Безусловно, Булгарин предстает в трактовке почтенного историка более объемной фигурой. Человек он был, конечно, весьма интересный. Во-первых, он самый настоящий европеец в России: родился в Польше в семье обедневшего дворянина и стал поневоле русским, когда произошел один из разделов Польши. Учился в русском военно-учебном заведении, где пришлось ему нелегко — вроде как Маше Шараповой в теннисной академии Боттильери: подростки не любят чужаков. Выйдя офицером, Булгарин участвовал в войнах против Наполеона и даже отличился. Потом дело повернулось так, что из армии ему пришлось уйти, и он вернулся в Польшу, которая снова попала под Наполеона, и тогда он очутился в польских частях наполеоновской армии. Поляки обожали Наполеона, беззаветно за него умирали, считая освободителем Польши и будущим восстановителем польской государственности. Он вил из них веревки: послал, например, подавлять испанских мятежников, знаменитую герилью, воспетую Гойей. Такова ирония польских судеб. Булгарин принимал участие в этой экспедиции. Участвовал он и в наполеоновском походе на Россию; хорошо зная местность, через которую проходила Великая Армия, он был полезным проводником, показал, в частности, брод через реку Березину. Он отличился и у Наполеона, получил чин капитана и даже орден Почетного легиона. После падения Наполеона Булгарин опять в Польше — и начинает заниматься литературой. Это приводит его в Петербург, где он сближается с самыми что ни на есть передовыми кругами, даже с декабристами, — и числит в своих друзьях даже Грибоедова.

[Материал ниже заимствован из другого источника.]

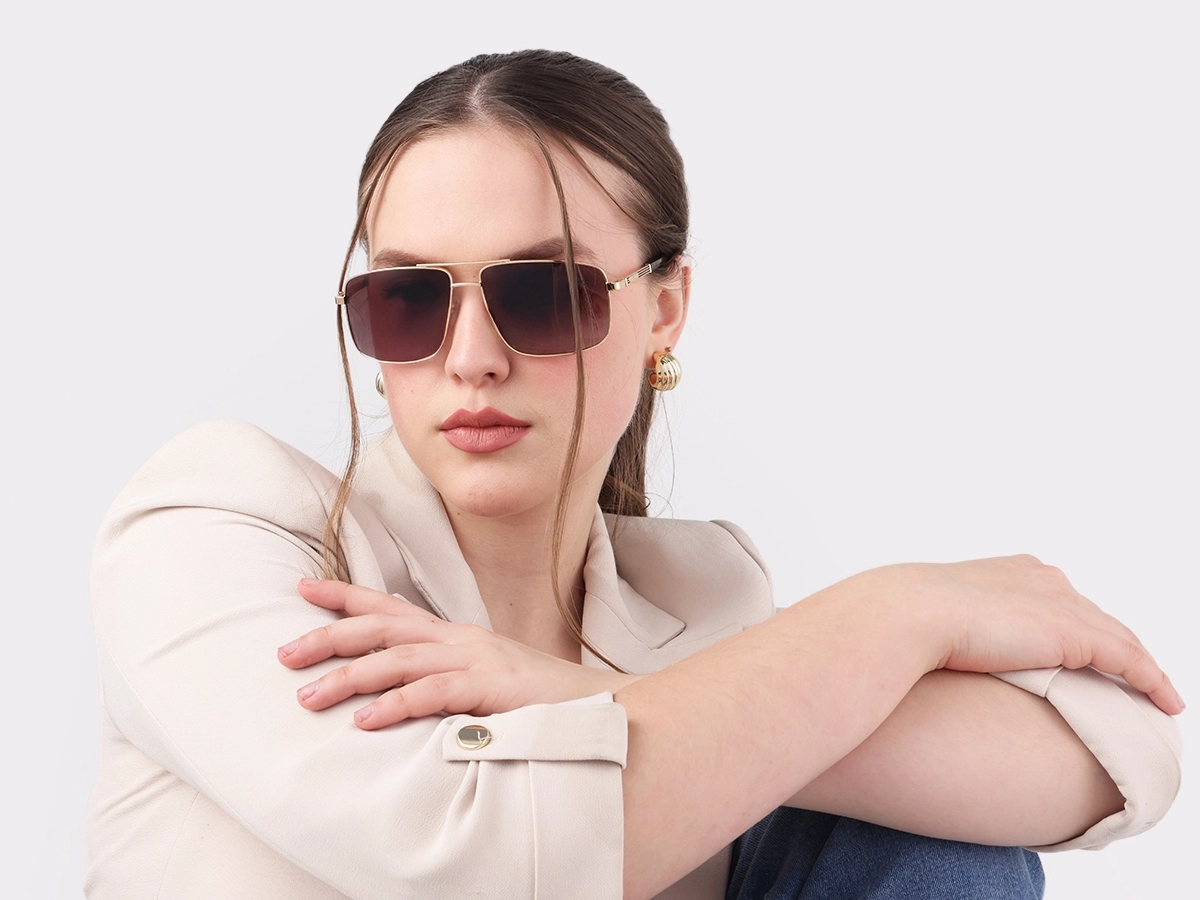 Champagne Gold Square Pilot Double Bridge Sunglasses 52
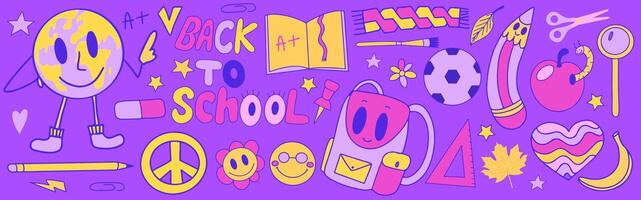 Back to school groovy stickers set in retro 70s style. Psychedelic collection of hippie design elements. School and education doodles hand drawn symbols and objects. vector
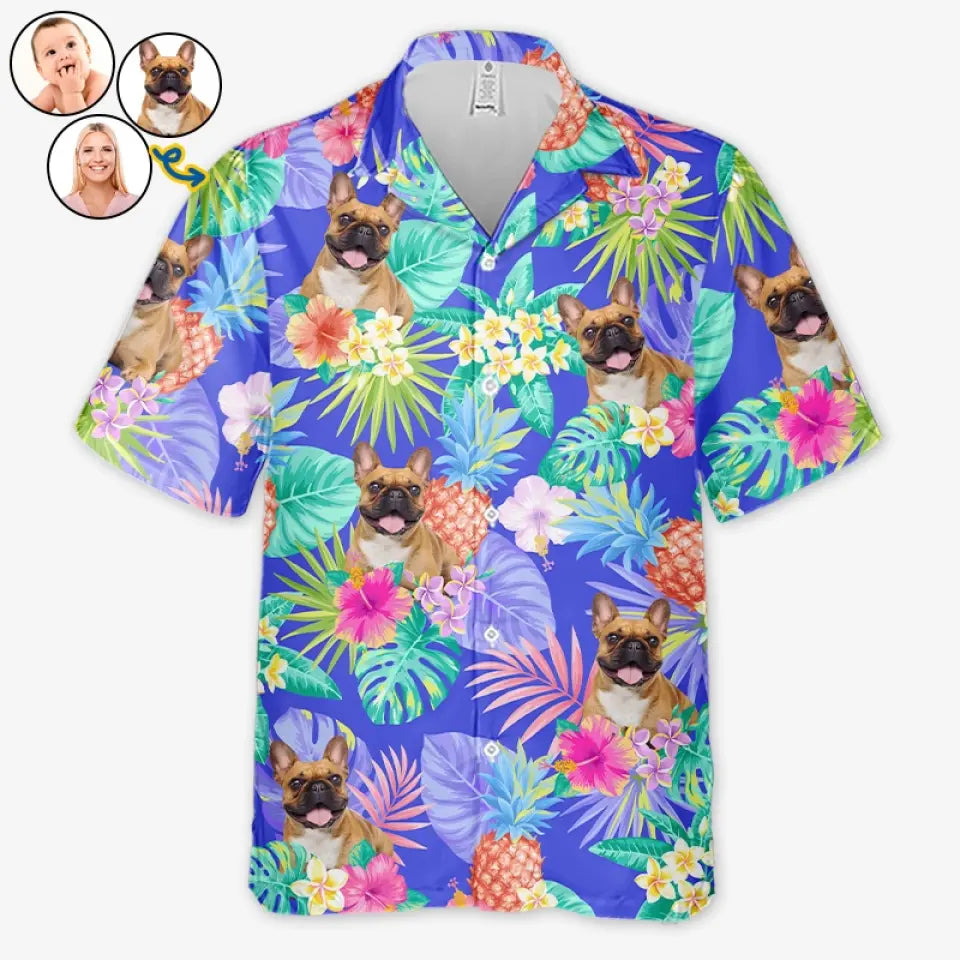 Photo personnalisée courant vers le soleil - T-shirt hawaïen unisexe personnalisé pour chien et chat - Cadeau de vacances d'été, cadeau pour propriétaires d'animaux et amoureux des animaux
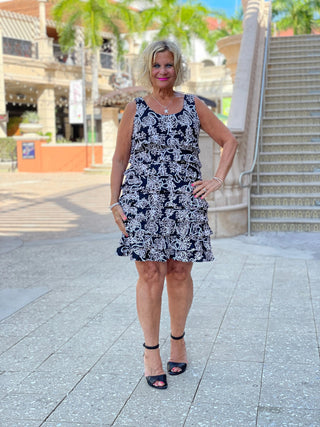 NAUTICAL LANE LAYERED RUFFLE DRESS - Cathys Place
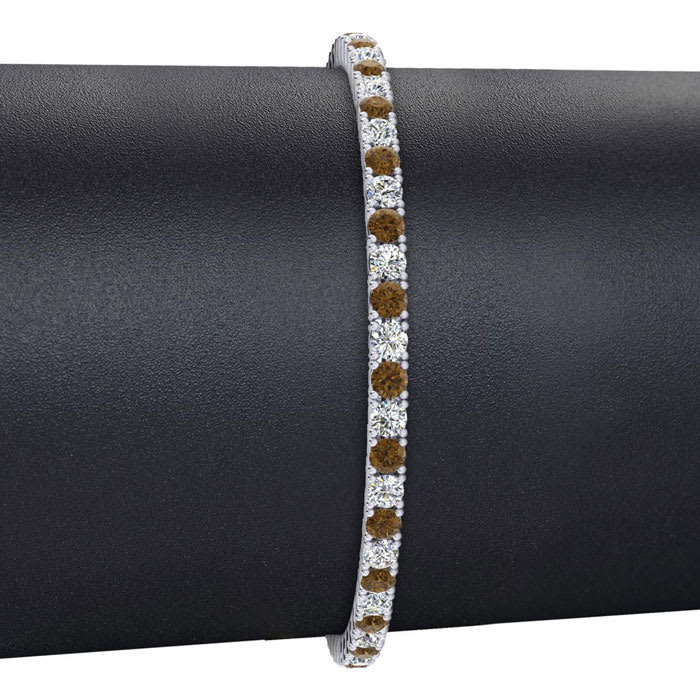 4 3/4 Carat Chocolate Bar Brown Champagne And White Diamond Mens Tennis Bracelet In 14 Karat White Gold, 8 1/2 Inches
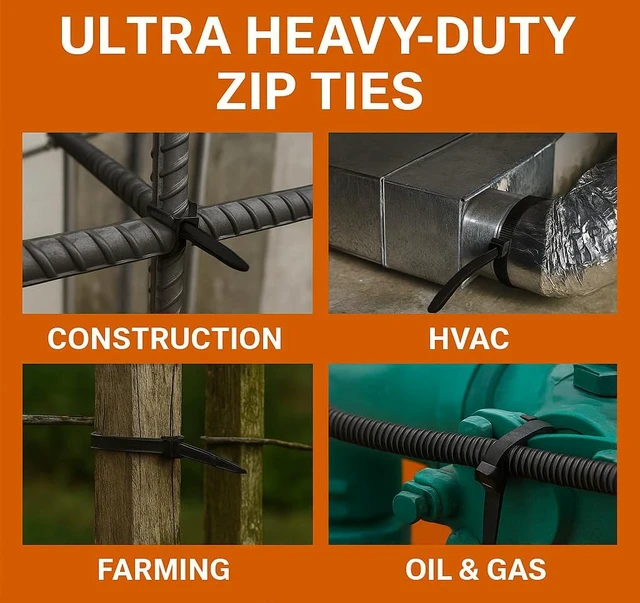 Alt view image 5 of 7 - 14 inch Black Zip Ties, 120 LB Tensile Strength 1000 Pack, PA66 Nylon, Professional Grade Heavy Duty - UV Resistant Indoor and Outdoor Cable & Wire Management, Multi-Purpose Self-Locking Cable Ties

Булгарин действительно не был — или, скажем так, не совсем был — той комически-карикатурной фигурой, которой его представляли мемуаристы, а по их следам и Тынянов в романе «Смерть Вазир Мухтара» и в повести «Малолетный Витушишников». Толковость и, так сказать, урбанность Булгарина сомнению не подлежит.
В своей трактовке Булгарина Рейнблат исходит из того, что сотрудничество просвещенных людей с правительством было давней традицией в России — собственно, единственным путем культурного развития. Единство государства и просвещения — черта русской истории с петровских времен. Но в том-то и дело, что после восстания декабристов этот казавшийся органичным союз распался. Люди просвещения, однако, следовали прежней инерции, поначалу не заметив, что правительство России — этот единственный европеец, по словам Пушкина, — сменило линию. Булгарин, по Рейнблатту, — как бы жертва этой инерции: он продолжал сотрудничество с правительством, когда таковое сотрудничество приобрело единственно возможную форму нерассуждающего сервилизма.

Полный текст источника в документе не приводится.